ASSIGNMENT | Copy out the records precisely, omitting pictures.

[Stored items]
"""
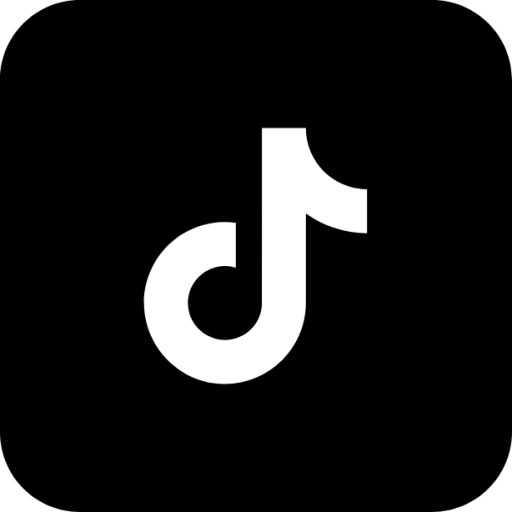 Tik tok icon 512x512 jadmnup0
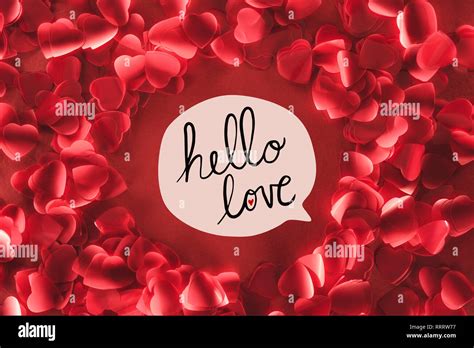 Hallo liebe .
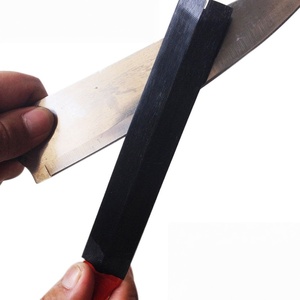 Tập tin hình kim cương 6inch 8inch cưa tập tin cưa tay để mài thẳng gỗ chạm khắc Kim Loại công cụ mài thủy tinh - Product Image 5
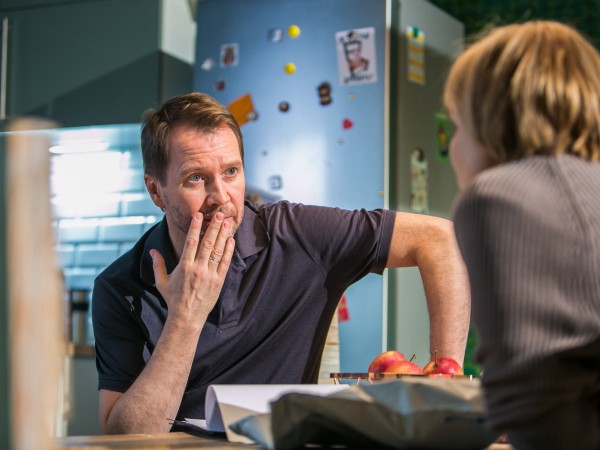 Пробуждение (5)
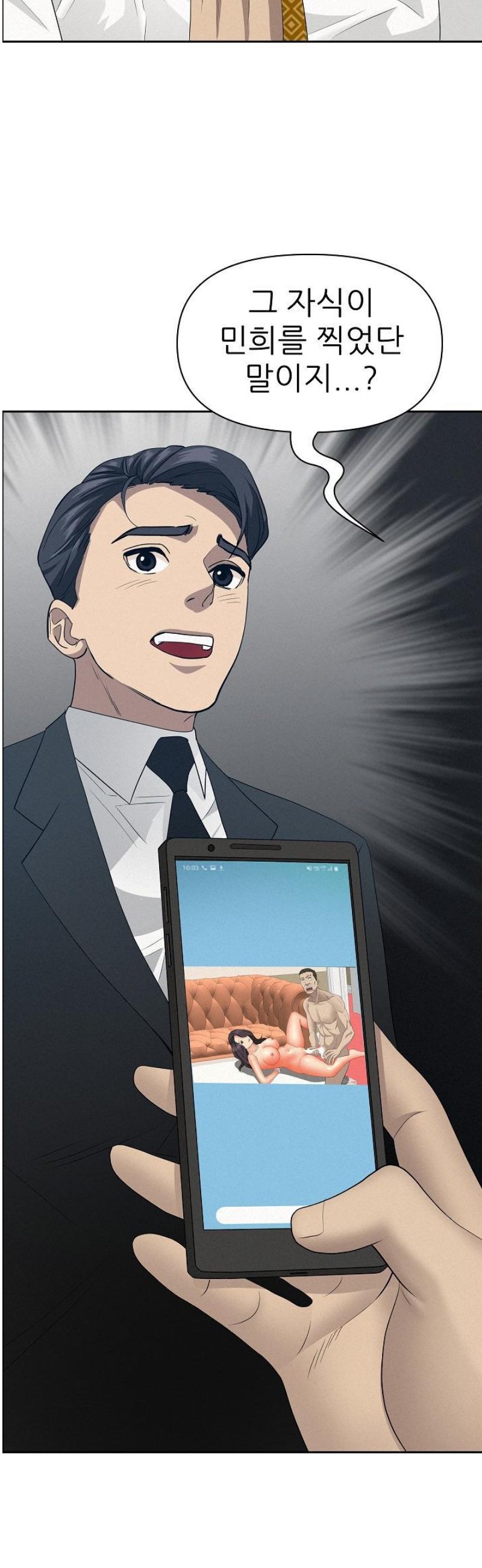 007.jpg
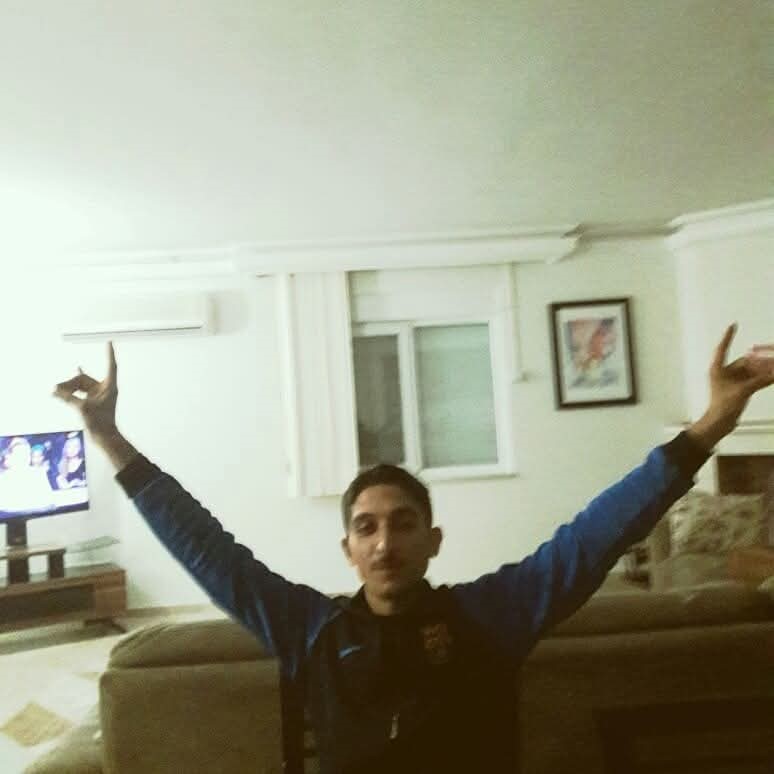 Kayaliktaolubulunmustu2Kisitutuklandi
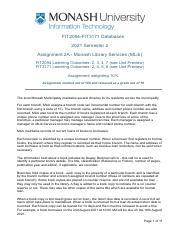 FITUGDB_2021S2_Ass2A-CaseStudy.pdf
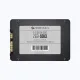 Zebronics ZEB-SD13 128GB 2.5 Inch SATA SSD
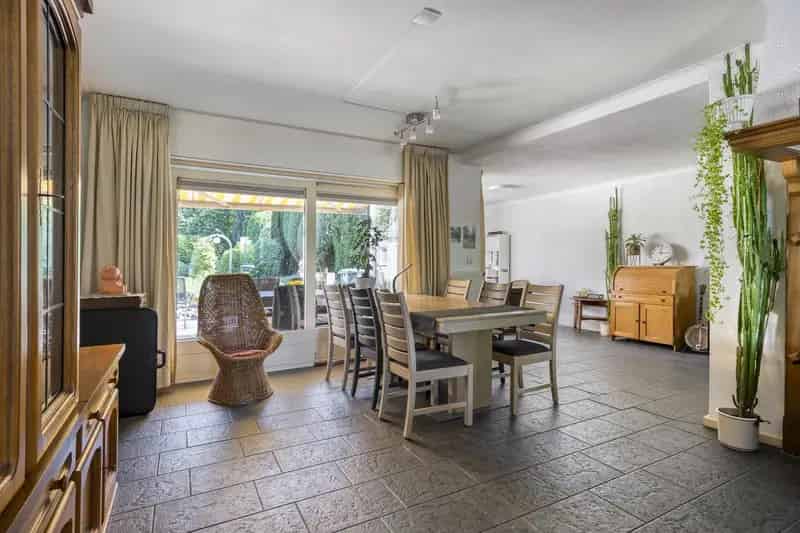 Huis Te Koop , 94, Zuilenstraat, Breda, Noord-Brabant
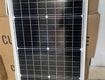Tấm pin năng lượng mặt trời 60W 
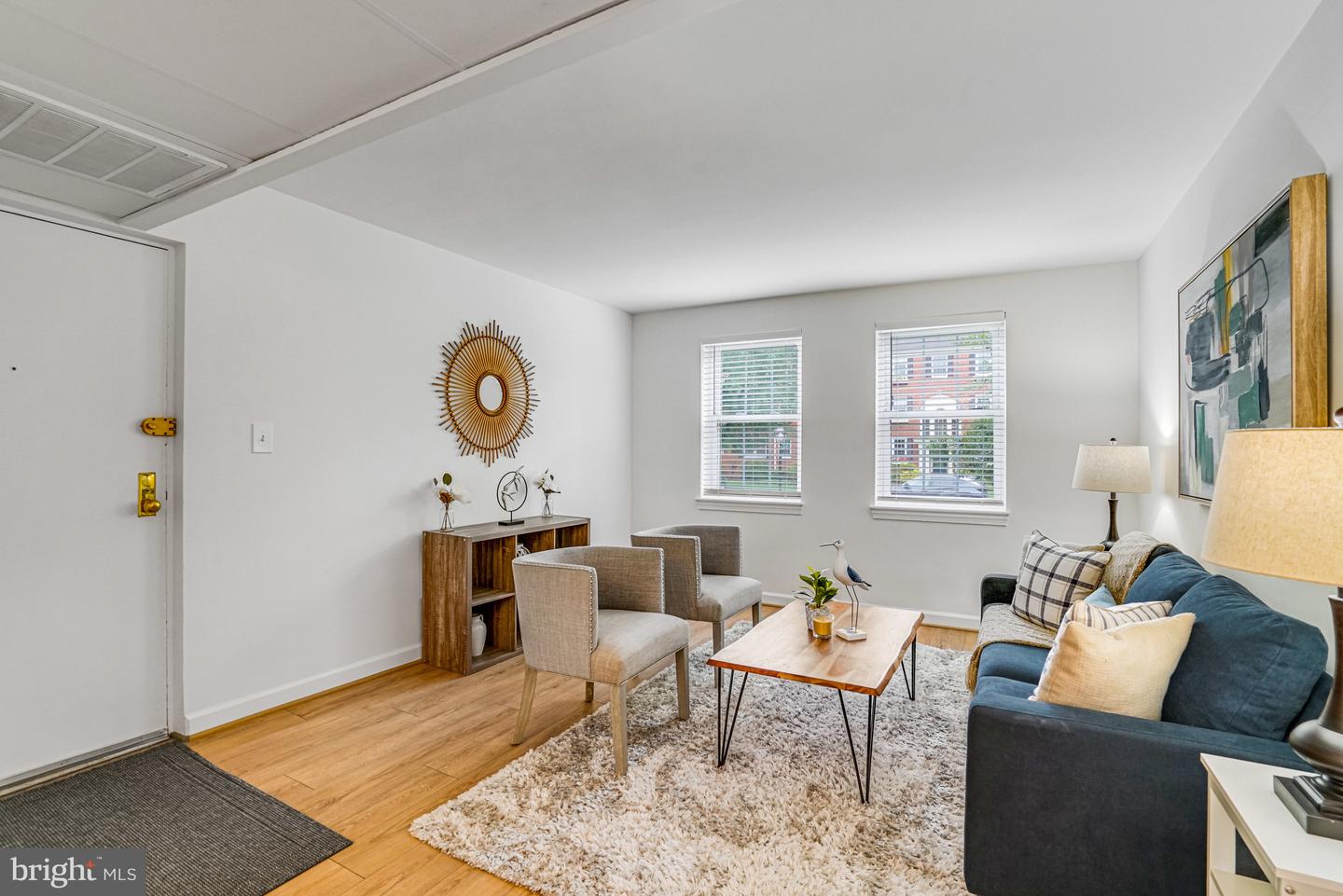 6625 10TH ST #A1, ALEXANDRIA, Virginia 22307, 3 Bedrooms Bedrooms, ,1 BathroomBathrooms,Residential,For sale,6625 10TH ST #A1,VAFX2249844 MLS # VAFX2249844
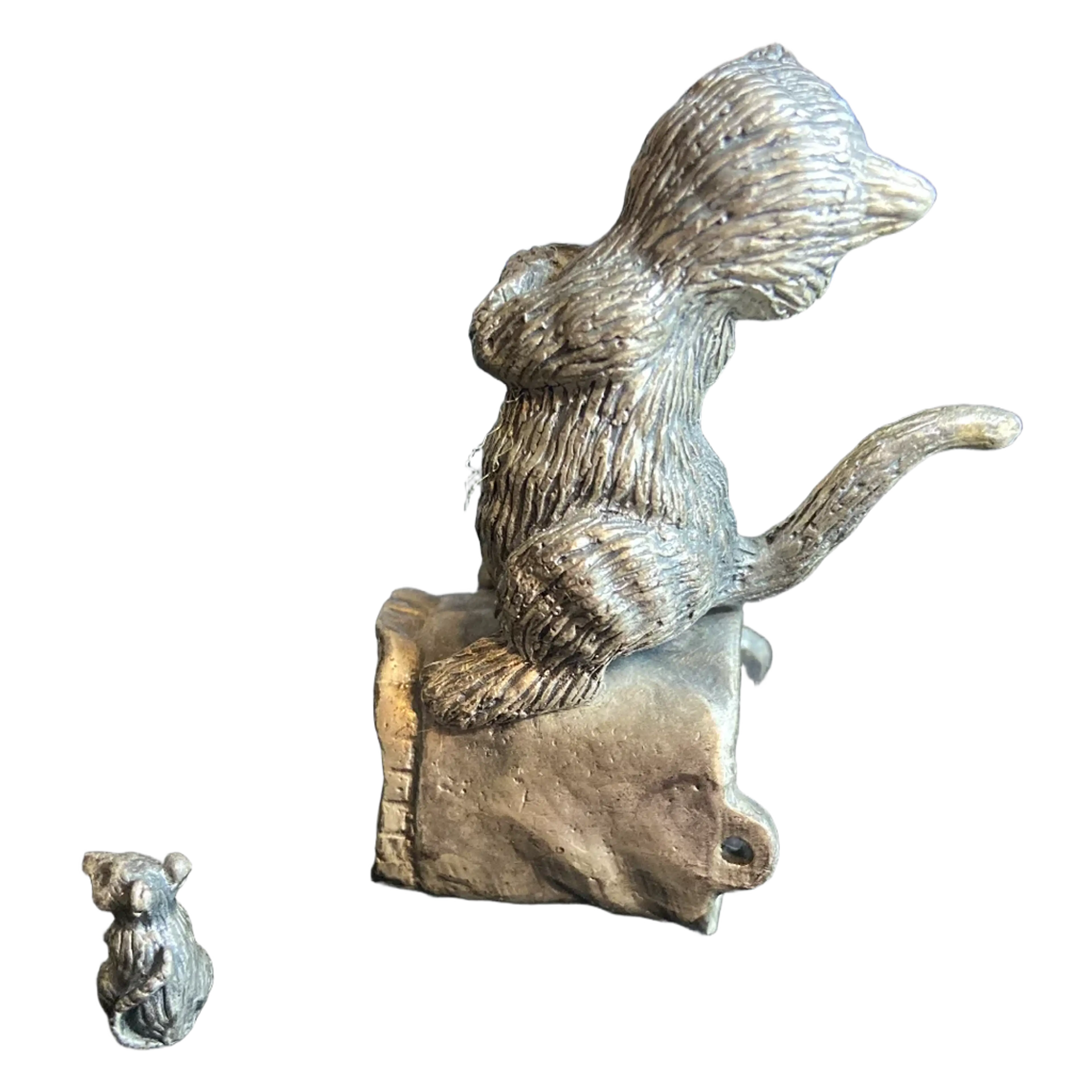 Image 3 of 5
"""
TASK OUTPUT |
 Tik tok icon 512x512 jadmnup0
 Hallo liebe .
 Tập tin hình kim cương 6inch 8inch cưa tập tin cưa tay để mài thẳng gỗ chạm khắc Kim Loại công cụ mài thủy tinh - Product Image 5
 Пробуждение (5)
 007.jpg
 Kayaliktaolubulunmustu2Kisitutuklandi
 FITUGDB_2021S2_Ass2A-CaseStudy.pdf
 Zebronics ZEB-SD13 128GB 2.5 Inch SATA SSD
 Huis Te Koop , 94, Zuilenstraat, Breda, Noord-Brabant
Tấm pin năng lượng mặt trời 60W 
 6625 10TH ST #A1, ALEXANDRIA, Virginia 22307, 3 Bedrooms Bedrooms, ,1 BathroomBathrooms,Residential,For sale,6625 10TH ST #A1,VAFX2249844 MLS # VAFX2249844
 Image 3 of 5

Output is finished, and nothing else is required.